カーシェアリングとレンタカーを比べると、カーシェアリングの補償制度はかなり充実しています。
補償内容は対人・対物補償「無制限」が一般的ですし、免責補償もついているので、保険・補償面からみるとレンタカーと比べて、いかにカーシェアアリングの方が安心で、いかに手軽であるかということがよくわかりますね。

>カーシェアリングの保険・補償内容に関する詳細はこちら
>各社の保険・補償内容以外のサービス詳細についてはこちら

<補償が適用されない場合は?>

ただし、保険が適用されないケースもあります。
でも、安心してください。
普通に利用していれば、保険は適用されます。
保険が適用されない例としては、例えば「約款に違反している場合」などです。

以下では、カーシェアリングで保険が適用されない標準的なケースをご紹介しておきます。

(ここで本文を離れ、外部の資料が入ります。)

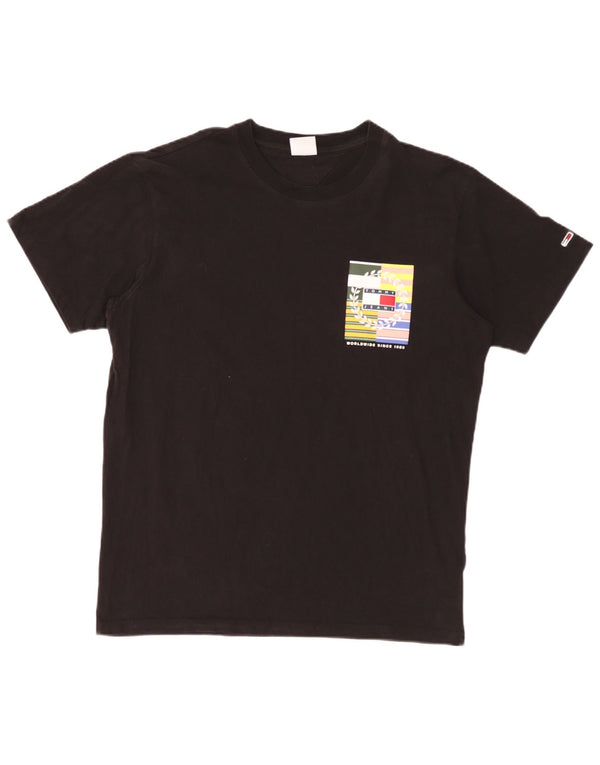 Tommy Hilfiger Camiseta masculina gráfica Top XL algodão preto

・事故時に警察および当社へ連絡を行わなかった場合(事故証明がない場合)
・故意の事故の場合
・貸渡約款に違反している場合
・使用、管理上の落ち度があった場合

以上のような場合には、保険が適用されません。
保険が適用されない場合は、利用者の負担になりますので、くれぐれもルールを守って安全運転を心掛けてください。

<関連記事>カーシェアリングの保険・補償内容に関する詳細 | カーシェアリング比較360°

<ノン・オペレーション・チャージって何?>

ここまでカーシェアリングの補償の話をしてきましたが、もし事故などを起こしてしまった場合、保険の対象にならない補償対象外のものもあります。
カーシェアリングを利用中に、事故や過失等によって、車両の修理や清掃が必要となった場合、その期間の営業補償として補償金額を支払う必要があります。
それがノン・オペレーション・チャージです。
ノンオペレーションチャージは、「営業補償」ですので、上で説明した事故を起こした場合の「免責額」(対物免責額・車両免責額)とは異なります。
ノン・オペレーション・チャージの金額については、各カーシェアリング事業者によって異なりますが、以下のような金額設定が標準的です。

・自走し、カーステーションに返却した場合:20,000円
・自走できず、カーステーションに返却できなかった場合:50,000円

ノン・オペレーション・チャージは、レンタカーでも発生します。
レンタカーでも上記の金額が標準的な設定です。

<関連記事>カーシェアリングのノンオペレーションチャージについての詳細 | カーシェアリング比較360°

思わぬトラブルに巻き込まれないために、レンタカーを利用するにしても、カーシェアリングを利用するにしても、ぜひ補償内容を確認し、しっかりと理解した上で利用するようにしてして下さい。